Points for levy of concealment penalty under TP provisions :--

Assessee must not have followed one of the 5 methods as per section 92C.

The method must have not been an appropriate method application on facts, but not on good faith as in this case.

There is no logic of services being duplicated in this case.

There was no appeal from the assessee on the addition is not a reason for levy of penalty.

Benefit test is not required in all circumstances as pointed out by the Knorr-Bremse India P. Ltd. v. ACIT (2016)380 ITR 307 (P&H) decision.

TPO has not brought any evidence to apply CUP method but merely said that CUP is the correct method.

Assessing Officer simply applying TPOs order without forming any view on deductibility under section 37(1) was also contrary to CIT v. Cushman & Wakefield (India) (P.) Ltd. (2014) 367 ITR 730 (Del),

Penalty proceedings are separate thus simply because additions are made does not mean the explanation needs to be applied mechanically.

Genom Biotech (P) Ltd. vs. ITO (2016) 67 Taxmann.com 219 (Mum) (Trib) distinguished.

DCIT v.

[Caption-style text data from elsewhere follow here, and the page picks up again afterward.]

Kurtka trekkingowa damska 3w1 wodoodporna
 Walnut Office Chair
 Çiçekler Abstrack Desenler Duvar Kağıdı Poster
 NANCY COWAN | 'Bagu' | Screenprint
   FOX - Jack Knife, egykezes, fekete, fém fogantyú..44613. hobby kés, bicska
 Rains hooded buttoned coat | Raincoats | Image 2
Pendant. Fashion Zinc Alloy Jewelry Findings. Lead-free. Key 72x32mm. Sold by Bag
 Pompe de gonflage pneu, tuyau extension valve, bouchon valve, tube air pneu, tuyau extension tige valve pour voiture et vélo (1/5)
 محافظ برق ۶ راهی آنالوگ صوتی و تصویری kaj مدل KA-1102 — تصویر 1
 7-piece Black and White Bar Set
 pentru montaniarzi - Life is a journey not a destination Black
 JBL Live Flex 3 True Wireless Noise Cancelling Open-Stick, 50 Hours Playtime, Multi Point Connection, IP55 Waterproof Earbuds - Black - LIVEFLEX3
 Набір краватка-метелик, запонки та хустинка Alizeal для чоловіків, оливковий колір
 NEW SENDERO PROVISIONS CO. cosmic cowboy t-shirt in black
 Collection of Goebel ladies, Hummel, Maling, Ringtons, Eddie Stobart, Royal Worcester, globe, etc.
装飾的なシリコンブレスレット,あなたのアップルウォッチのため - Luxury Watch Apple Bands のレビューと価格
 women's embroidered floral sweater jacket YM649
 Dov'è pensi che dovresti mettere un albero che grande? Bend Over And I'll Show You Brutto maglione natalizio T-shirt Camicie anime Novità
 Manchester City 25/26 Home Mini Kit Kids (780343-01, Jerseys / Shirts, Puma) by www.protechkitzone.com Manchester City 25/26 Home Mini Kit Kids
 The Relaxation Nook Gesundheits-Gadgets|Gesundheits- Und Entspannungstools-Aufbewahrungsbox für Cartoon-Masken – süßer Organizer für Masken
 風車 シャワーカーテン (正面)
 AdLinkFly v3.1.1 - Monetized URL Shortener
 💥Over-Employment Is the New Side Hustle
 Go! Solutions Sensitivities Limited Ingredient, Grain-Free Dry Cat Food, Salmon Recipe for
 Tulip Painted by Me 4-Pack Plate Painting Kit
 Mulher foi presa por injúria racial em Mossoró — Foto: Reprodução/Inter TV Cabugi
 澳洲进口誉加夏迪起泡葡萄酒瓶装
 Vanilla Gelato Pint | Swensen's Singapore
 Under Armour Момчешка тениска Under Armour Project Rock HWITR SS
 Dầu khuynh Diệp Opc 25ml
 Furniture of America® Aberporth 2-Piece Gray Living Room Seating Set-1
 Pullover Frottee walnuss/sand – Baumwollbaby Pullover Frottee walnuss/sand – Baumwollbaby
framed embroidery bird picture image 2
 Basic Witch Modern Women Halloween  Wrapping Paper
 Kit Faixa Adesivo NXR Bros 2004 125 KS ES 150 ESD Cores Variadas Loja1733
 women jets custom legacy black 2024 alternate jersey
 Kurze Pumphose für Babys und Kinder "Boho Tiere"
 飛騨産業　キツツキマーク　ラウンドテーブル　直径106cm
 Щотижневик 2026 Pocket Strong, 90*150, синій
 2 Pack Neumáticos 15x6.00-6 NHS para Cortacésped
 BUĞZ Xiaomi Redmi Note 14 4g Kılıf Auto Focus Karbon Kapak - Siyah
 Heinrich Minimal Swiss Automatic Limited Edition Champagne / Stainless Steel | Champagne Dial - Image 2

RBS Equities India Ltd. (2011) 13 Taxmann.com 30 (Mum) in ITA No.550/Del/2016 applied.

The said explanation reads as under:

"Explanation 7.--Where in the case of an assessee who has entered into an international transaction or specified domestic transaction defined in section 92B, any amount is added or disallowed in computing the total income under sub-section (4) of section 92C, then, the amount so added or disallowed shall, for the purposes of clause (c) of this sub-section, be deemed to represent the income in respect of which particulars have been concealed or inaccurate particulars have been furnished, unless the assessee proves to the satisfaction of the assessing officer or the Commissioner (Appeals) or the Principal Commissioner or Commissioner that the price charged or paid in such transaction was computed in accordance with the provisions contained in section 92C and in the manner prescribed under that section, in good faith and with due diligence."

Similar explanation exists in the new section 270A as well.